Crawled caption data:
----

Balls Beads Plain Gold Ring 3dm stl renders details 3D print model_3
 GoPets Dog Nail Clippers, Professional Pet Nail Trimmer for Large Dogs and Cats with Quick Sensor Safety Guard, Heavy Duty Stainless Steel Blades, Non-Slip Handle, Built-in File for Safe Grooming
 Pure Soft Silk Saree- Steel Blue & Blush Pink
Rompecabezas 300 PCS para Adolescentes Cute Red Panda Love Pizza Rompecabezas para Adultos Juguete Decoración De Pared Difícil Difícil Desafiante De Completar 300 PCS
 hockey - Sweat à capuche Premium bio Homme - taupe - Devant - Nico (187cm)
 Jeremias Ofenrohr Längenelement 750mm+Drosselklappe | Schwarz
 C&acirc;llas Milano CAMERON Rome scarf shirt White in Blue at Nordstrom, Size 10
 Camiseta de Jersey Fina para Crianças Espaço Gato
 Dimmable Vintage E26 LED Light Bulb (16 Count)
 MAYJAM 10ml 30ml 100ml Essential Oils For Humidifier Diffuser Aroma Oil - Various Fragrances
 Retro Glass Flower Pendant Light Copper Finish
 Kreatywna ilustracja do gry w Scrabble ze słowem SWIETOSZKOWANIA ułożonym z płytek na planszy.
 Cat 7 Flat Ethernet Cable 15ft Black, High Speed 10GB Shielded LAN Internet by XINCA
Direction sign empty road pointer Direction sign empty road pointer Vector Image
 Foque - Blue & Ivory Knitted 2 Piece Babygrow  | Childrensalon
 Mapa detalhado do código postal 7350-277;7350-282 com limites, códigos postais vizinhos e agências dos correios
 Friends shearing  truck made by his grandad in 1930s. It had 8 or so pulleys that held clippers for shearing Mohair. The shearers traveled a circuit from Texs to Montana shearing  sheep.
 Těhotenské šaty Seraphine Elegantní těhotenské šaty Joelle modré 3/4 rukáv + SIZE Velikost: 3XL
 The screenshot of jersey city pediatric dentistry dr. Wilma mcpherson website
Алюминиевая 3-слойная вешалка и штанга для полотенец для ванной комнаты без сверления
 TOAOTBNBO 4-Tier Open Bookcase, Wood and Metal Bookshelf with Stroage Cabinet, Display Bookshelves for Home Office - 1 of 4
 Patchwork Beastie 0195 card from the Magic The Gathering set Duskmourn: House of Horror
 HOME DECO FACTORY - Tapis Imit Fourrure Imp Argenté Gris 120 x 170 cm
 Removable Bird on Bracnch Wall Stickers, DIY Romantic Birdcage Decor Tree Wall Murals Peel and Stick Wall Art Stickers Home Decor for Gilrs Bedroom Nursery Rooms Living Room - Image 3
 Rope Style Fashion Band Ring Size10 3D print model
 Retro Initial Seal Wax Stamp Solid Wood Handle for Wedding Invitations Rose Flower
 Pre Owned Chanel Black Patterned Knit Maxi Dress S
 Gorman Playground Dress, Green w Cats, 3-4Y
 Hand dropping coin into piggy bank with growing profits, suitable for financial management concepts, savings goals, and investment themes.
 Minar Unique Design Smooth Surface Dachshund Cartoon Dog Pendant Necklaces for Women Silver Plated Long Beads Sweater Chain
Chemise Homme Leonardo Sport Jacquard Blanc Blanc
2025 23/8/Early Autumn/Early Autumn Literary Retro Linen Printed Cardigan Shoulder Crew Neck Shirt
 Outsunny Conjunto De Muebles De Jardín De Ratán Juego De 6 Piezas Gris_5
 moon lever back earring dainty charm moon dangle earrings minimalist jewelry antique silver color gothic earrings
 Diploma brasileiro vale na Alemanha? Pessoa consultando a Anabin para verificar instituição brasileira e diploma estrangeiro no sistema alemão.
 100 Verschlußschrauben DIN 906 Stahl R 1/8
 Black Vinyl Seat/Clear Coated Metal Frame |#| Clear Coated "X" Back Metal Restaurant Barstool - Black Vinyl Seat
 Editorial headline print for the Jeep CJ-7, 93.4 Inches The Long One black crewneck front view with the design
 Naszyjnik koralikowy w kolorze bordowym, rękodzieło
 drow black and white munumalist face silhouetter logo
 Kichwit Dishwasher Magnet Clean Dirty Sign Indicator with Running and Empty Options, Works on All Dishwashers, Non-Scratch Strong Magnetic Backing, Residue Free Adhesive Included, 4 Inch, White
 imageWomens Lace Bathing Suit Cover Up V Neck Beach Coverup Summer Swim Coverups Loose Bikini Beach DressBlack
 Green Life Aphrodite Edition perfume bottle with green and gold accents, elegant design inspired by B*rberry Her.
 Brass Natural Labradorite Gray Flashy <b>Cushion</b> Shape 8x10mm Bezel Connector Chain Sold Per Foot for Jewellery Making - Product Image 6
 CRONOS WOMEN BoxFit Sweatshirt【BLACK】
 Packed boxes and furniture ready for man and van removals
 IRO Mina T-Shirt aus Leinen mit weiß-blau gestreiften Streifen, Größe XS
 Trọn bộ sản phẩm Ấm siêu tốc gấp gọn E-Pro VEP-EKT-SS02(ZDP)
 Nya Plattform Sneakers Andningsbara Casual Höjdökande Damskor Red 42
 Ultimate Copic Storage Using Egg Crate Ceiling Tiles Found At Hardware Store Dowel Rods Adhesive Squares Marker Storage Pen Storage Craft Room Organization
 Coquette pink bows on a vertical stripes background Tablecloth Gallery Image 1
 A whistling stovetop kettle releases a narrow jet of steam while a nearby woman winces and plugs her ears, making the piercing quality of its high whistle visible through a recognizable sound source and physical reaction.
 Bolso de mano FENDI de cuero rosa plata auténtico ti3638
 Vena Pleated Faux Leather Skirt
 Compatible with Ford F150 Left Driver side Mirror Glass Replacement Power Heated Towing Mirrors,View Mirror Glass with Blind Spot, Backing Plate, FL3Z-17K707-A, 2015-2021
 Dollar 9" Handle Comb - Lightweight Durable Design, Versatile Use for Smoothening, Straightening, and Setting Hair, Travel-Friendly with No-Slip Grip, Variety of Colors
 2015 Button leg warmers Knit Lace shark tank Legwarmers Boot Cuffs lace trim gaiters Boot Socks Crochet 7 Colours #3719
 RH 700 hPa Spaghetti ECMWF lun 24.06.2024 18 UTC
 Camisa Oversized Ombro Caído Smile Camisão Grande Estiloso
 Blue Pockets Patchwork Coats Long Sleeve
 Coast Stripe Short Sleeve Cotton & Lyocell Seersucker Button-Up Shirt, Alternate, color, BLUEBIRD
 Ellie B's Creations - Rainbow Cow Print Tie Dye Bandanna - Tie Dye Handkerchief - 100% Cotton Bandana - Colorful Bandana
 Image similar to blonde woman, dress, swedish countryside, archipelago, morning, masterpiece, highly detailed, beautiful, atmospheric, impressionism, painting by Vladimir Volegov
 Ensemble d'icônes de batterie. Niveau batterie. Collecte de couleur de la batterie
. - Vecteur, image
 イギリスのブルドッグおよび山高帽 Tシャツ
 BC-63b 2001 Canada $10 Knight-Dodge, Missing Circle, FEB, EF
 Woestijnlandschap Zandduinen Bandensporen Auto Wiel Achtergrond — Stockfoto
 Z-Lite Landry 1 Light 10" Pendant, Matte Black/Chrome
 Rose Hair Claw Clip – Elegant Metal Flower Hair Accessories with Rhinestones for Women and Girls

----

WHAT THE TASK REQUIRES: Take every line above carrying "Patchwork" and return it.

TASK OUTPUT:
 Patchwork Beastie 0195 card from the Magic The Gathering set Duskmourn: House of Horror
 Blue Pockets Patchwork Coats Long Sleeve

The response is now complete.